Menuai Janji Menunai Bhakti
Assalamu Alaikum Pak Nur,
Pagi ini mungkin amat menyenangkan buat Antum. Kantor berita Antara mengabarkan, Menteri Dalam Negeri sudah mengeluarkan surat pelantikan walikota Depok. Artinya goro-goro yang menyelimuti perjalanan anda menuju bangku tertinggi di Depok, telah lampau. Maka tak lama lagi, hari ini, besok, atau lusa, Antum akan menyusuri jalan Margonda Raya untuk menuju kantor Walikota. Kalau Antum tetap tinggal di Kompleks Tugu Asri, begitu keluar kompleks, Antum akan disambut baliho besar, “Anda memasuki kawasan tertib lalulintas” persis di pangkal jalan Margonda Raya. Kelak beberapa meter setelah melewati baliho itu, Antum akan tau, bahwa pesan itu hanya omong kosong tanpa makna.
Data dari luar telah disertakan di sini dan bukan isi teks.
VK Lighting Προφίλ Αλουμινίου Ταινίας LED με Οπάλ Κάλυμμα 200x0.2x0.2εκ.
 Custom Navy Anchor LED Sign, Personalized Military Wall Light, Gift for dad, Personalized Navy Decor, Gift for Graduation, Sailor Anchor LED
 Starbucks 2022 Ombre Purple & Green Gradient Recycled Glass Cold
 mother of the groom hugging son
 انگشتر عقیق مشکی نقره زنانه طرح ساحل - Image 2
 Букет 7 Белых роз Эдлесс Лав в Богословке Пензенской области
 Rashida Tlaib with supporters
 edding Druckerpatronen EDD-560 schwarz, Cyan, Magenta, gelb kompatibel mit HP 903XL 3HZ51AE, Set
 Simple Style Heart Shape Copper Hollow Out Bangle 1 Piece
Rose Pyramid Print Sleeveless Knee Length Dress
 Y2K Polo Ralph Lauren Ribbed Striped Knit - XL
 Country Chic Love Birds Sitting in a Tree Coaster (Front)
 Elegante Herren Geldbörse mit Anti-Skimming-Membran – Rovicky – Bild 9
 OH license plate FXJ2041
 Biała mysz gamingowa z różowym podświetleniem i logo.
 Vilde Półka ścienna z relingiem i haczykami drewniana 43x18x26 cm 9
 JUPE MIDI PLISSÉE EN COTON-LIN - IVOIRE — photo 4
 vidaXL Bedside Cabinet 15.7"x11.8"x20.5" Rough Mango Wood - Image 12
Seratus meter setelah pesan itu, deretan angkot ngetem di simpang jalan kober akan mengganggu kelancaran perjalanan Antum. (Kecuali kalau Antum mau berlaku seperti pejabat lain yang gila kuasa, dipandu vorijders). Penghambat lainnya adalah penyeberang jalan. Karena disini salah satu pintu masuk ke kampus UI bagi pejalan kaki.
Kemacetan sejenis, akibat angkot ngetem, berhenti sembarangan, dan penyeberang yang mengadu peruntungan, akan banyak Antum temui sepanjang Margonda Raya. Sebab selain beberapa kampus, di jalan Margonda ini banyak mal dan pertokoan. Belum lagi, sepanjang jalan Margonda berderet pertokoan yang membuat Depok tak punya kota terpusat, layaknya sebuah pusat kota. Warung-warung menjadikan trotoar sebagai tempat parkir. Sedangkan penjaja mobil, merebut jatah pejalan kaki itu untuk ajang pamer.
Kata orang bijak, pribadi sebuah bangsa bisa dilihat dari lalulintasnya. Lantas apa makna kemacetan ini buat Antum? Tidakkah ini menujumkan sebuah keadaan salah urus. Margonda ibarat nenek tua yang tak sanggup lagi menyunggi beban, tetapi ke pundaknya beban baru terus menerus diembankan.
Ini karena pemerintah berlaku seperti calo. Mengutamakan keuntungan, tak peduli akibat perbuatannya ruang publik terebut. Pak Nur, aku yakin warga sudah muak dengan semua ini. Buktinya warga memilih Antum, bukan saingan anda, incumbent walikota. Pasti karena warga menginginkan perubahan.
Cukup banyak permintaan kami sebagai warga. Tentu saja sebagai politisi cum ulama, Pak Nur mahfum kisah teladan ini.Yakni ketika Umar bin Abdul Aziz, khalifah dari Bani Umayyah terpilih sebagai khalifah. Ia justru menangis tersedu. Bukan karena gembira, tapi oleh kesedihan mendalam karena harus memikul tanggungjawab berat. Yang semuanya harus pula dipertanggungjawabkan bukan hanya di depan DPRD, tapi di pengadilan maha tinggi, mahkamah Allah Swt. Akhirul kalam, selamat bertugas, Pak Nur. Wassalam!
2 Comments:
Om Bukannya dah di " Makin asyik aje..." kok ada logo "satu untuk semua...?".
berat tugas pak wali kota nih.. depok tea... duh!